- Born: 1953 (age 72–73) New York City, U.S.
- Education: University of Puerto Rico
- Occupation: Visual artist

= Nick Quijano =

Puerto Rican artist (born 1953)

Nick Quijano (born 1953 in New York, NY) is a Puerto Rican visual artist whose paintings, sculptures, assemblages, and prints have been exhibited widely in the United States. His works are held at the Museo de Arte de Puerto Rico, Museo de Arte de Ponce, American Museum of Folk Arts, and El Museo del Barrio.

== Biography ==
Nick Quijano was born in New York City in 1953. Quijano started creating art at a young age when a nun at the South Bronx Saint Anthony of Padua Parochial School encouraged him during an arts and crafts lesson. Growing up in New York City, he was exposed to world class art from a young age as well. Quijano’s family traveled to Puerto Rico periodically while he was growing up, but it wasn’t until 1967 at age 13 that his family moved to the island permanently.
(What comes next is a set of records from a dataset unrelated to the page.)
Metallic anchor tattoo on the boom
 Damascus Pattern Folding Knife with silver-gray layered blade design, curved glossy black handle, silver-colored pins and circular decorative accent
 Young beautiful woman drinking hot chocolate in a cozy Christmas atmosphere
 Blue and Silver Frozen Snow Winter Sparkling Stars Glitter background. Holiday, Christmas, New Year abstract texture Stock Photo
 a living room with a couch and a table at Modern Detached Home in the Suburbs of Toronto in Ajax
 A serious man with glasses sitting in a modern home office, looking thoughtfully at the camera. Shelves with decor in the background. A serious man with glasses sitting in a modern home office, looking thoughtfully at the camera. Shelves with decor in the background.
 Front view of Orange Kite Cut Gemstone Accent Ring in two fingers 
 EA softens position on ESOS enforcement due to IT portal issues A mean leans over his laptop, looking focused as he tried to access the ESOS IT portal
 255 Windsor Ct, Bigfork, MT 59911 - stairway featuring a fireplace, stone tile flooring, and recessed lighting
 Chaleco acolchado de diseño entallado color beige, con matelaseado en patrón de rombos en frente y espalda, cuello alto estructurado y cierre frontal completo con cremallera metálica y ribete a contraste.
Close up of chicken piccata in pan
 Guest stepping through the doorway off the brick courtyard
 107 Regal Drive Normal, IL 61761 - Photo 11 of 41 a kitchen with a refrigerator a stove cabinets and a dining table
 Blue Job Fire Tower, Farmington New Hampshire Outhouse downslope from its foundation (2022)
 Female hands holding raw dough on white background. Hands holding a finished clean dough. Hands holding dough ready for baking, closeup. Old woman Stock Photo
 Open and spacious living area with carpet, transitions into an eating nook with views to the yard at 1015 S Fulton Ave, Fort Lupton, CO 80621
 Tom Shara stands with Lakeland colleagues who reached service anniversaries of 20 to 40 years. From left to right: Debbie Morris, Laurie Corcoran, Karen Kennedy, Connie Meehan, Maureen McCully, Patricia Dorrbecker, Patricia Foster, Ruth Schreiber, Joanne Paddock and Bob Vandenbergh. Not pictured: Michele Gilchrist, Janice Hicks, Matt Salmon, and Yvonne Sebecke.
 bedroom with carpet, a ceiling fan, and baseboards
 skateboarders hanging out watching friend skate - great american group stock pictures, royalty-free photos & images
Quijano received degrees from the University of Puerto Rico in Architecture and Environmental Design.

== Career ==
Quijano achieved early success in his artistic career with awards from the University of Puerto Rico’s 1979 Plastic Arts Competition and the 1983 American National Miniature Show. He quickly became known for capturing the spirit of Caribbean life in his paintings and other works. Usually described as drawing inspiration from folk art, Quijano’s works often depict scenes of everyday life in Puerto Rico. His artwork has been exhibited at the Springfield Museum of Fine Arts, El Museo del Barrio, Galería Pintadera, Instituto de Cultura Puertorriqueña, and Museo de las Américas.